=== TASK GOAL ===
The listing below holds a line with "Luxuriöser grüner Onyx: Goldener" and a later line with "American flag donut". Write out those two lines and every line between them, exactly, and nothing else.

=== DATA FOR THE TASK ===
━━━━━━━━━━━━━━━━━━━━━━━━━━━━━━

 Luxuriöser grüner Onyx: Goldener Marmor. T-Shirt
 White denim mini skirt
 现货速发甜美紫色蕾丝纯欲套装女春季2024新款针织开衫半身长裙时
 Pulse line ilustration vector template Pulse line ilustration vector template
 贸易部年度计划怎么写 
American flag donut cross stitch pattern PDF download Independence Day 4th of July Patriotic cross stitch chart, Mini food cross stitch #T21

━━━━━━━━━━━━━━━━━━━━━━━━━━━━━━

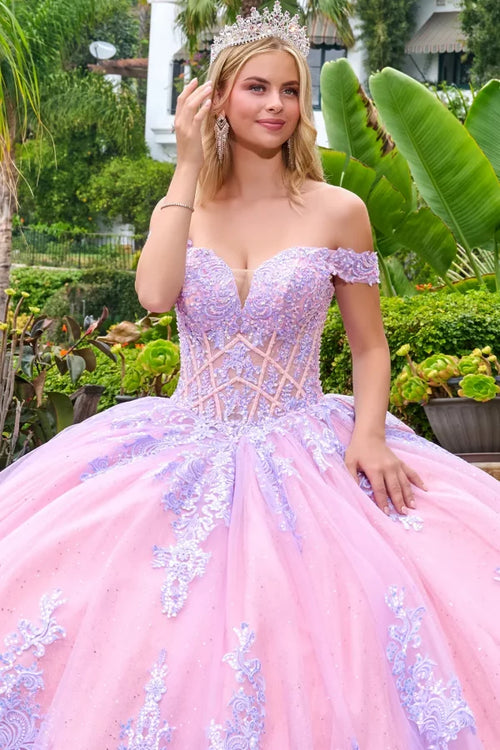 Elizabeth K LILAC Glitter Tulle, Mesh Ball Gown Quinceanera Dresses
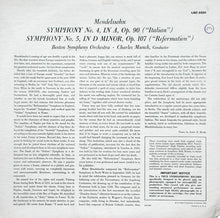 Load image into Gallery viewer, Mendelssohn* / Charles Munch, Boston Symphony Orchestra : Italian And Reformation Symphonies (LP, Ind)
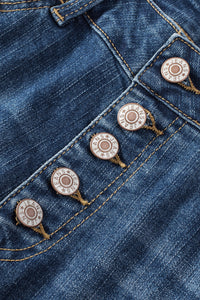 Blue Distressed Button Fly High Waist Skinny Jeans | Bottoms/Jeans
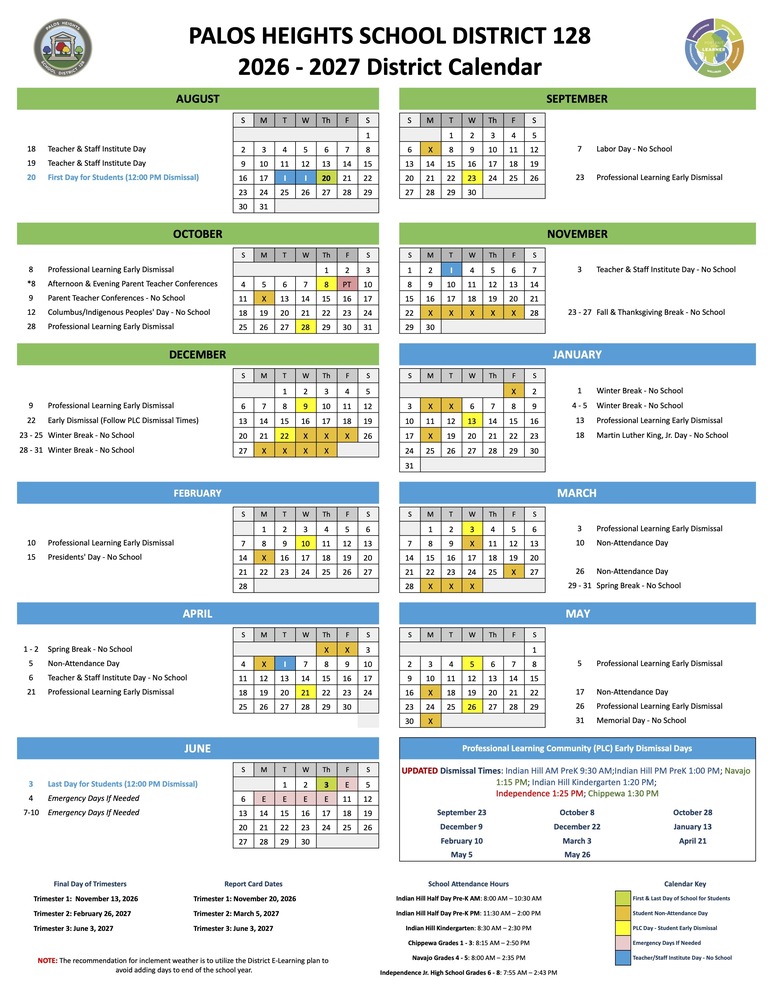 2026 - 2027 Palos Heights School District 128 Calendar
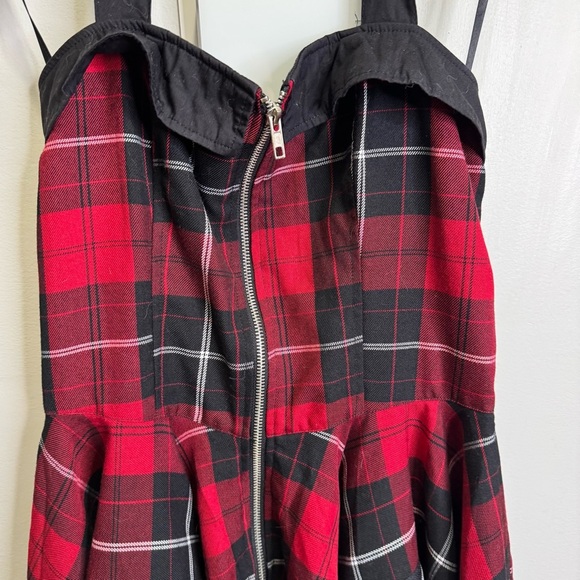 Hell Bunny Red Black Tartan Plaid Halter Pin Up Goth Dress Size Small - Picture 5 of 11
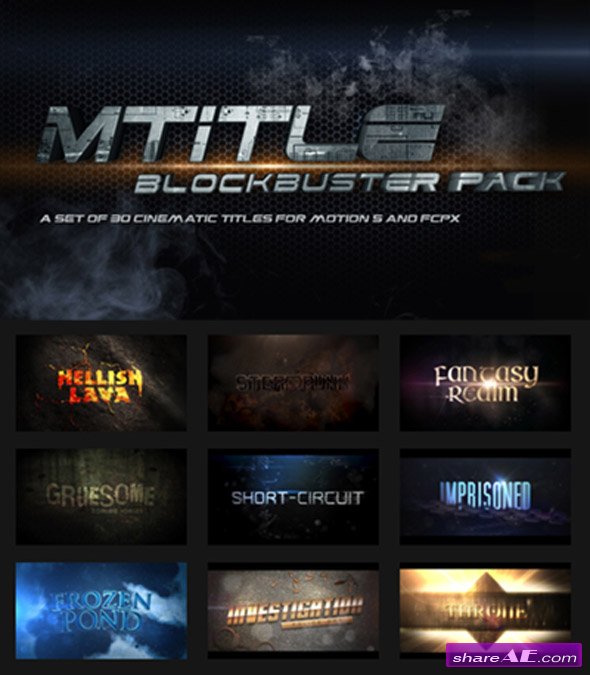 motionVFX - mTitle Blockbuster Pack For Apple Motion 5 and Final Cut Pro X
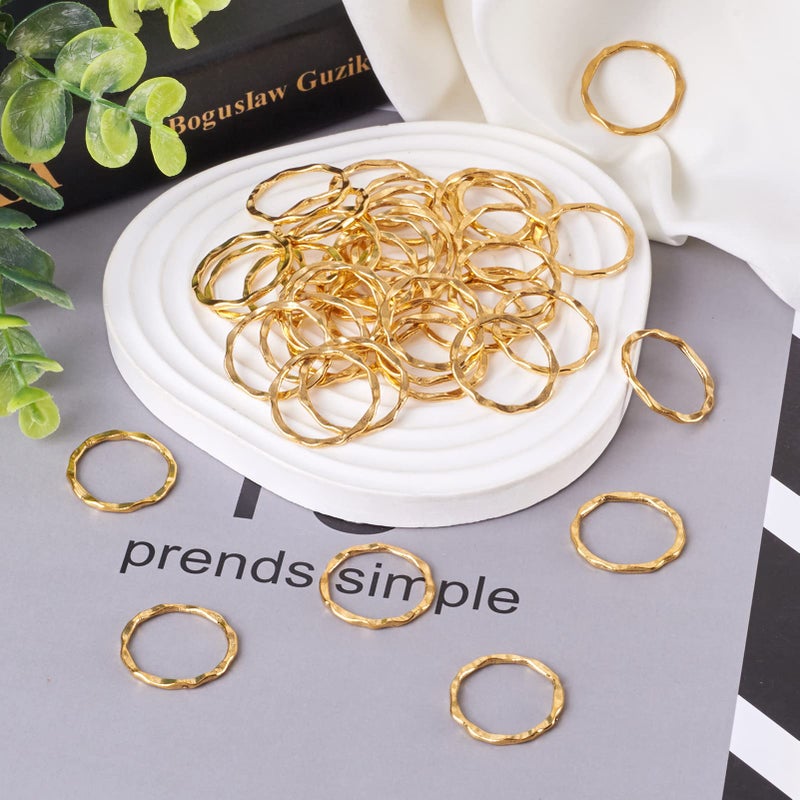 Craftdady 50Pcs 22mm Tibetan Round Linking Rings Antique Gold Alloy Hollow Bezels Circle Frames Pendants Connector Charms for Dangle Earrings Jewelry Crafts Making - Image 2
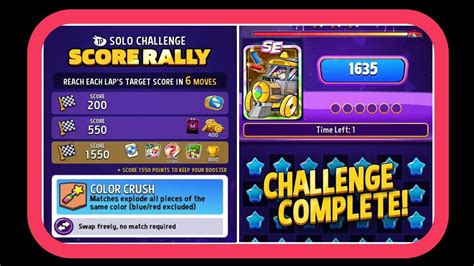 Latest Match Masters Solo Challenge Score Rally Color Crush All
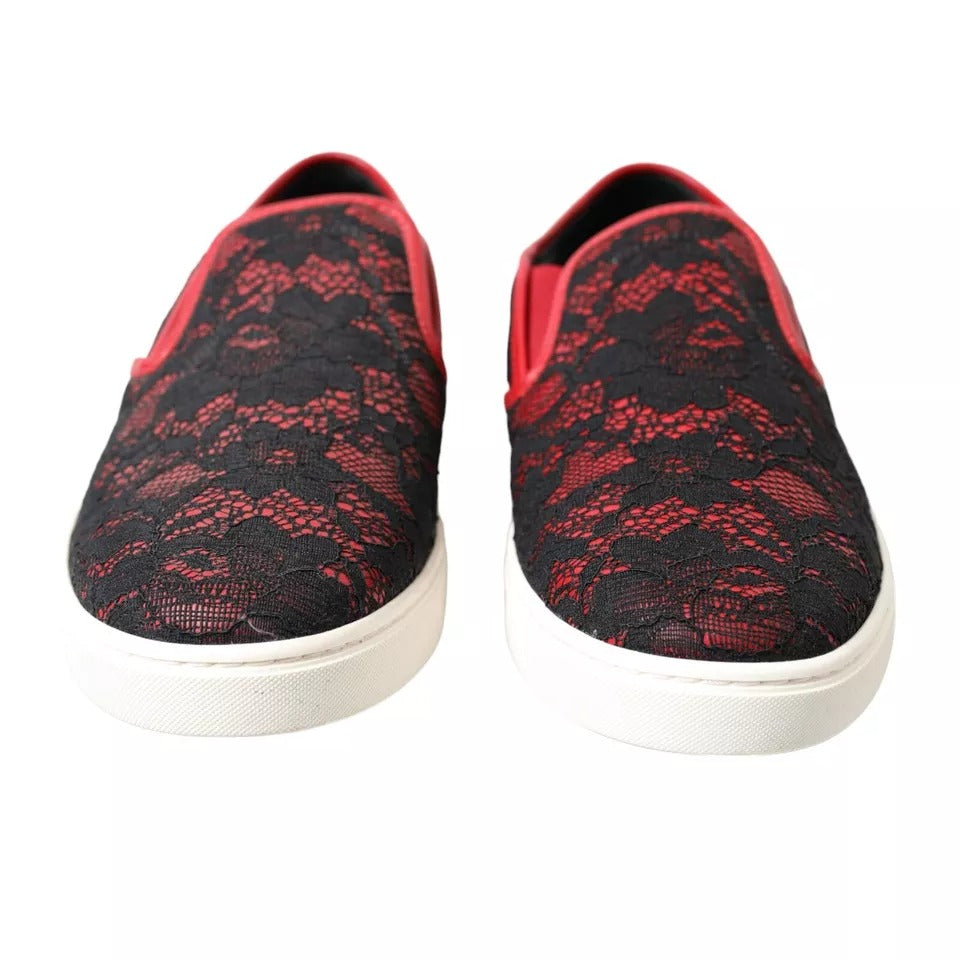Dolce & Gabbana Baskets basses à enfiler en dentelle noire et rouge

━━━━━━━━━━━━━━━━━━━━━━━━━━━━━━

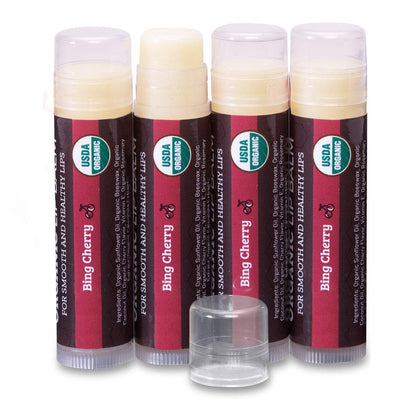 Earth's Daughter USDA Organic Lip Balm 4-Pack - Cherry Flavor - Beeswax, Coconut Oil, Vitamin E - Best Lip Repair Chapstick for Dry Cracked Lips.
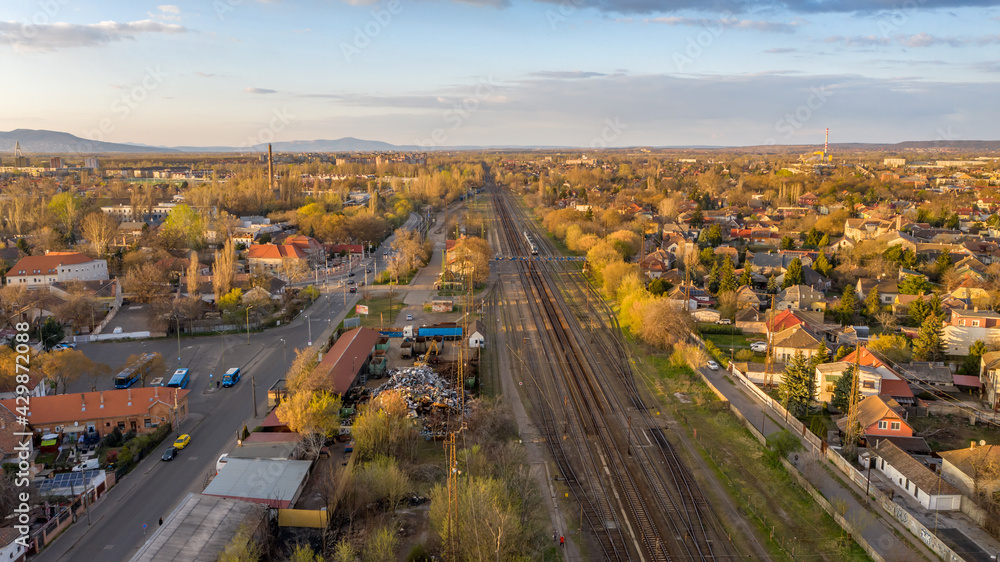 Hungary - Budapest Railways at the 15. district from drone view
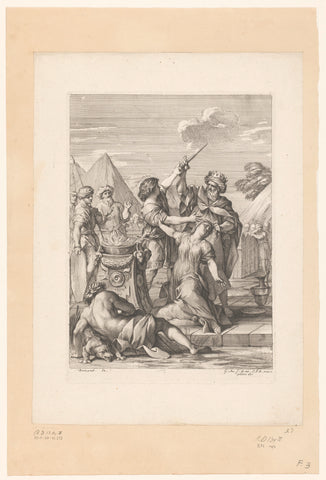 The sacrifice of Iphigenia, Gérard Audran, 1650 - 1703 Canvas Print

━━━━━━━━━━━━━━━━━━━━━━━━━━━━━━

=== FINAL ANSWER ===
 Luxuriöser grüner Onyx: Goldener Marmor. T-Shirt
 White denim mini skirt
 现货速发甜美紫色蕾丝纯欲套装女春季2024新款针织开衫半身长裙时
 Pulse line ilustration vector template Pulse line ilustration vector template
 贸易部年度计划怎么写 
American flag donut cross stitch pattern PDF download Independence Day 4th of July Patriotic cross stitch chart, Mini food cross stitch #T21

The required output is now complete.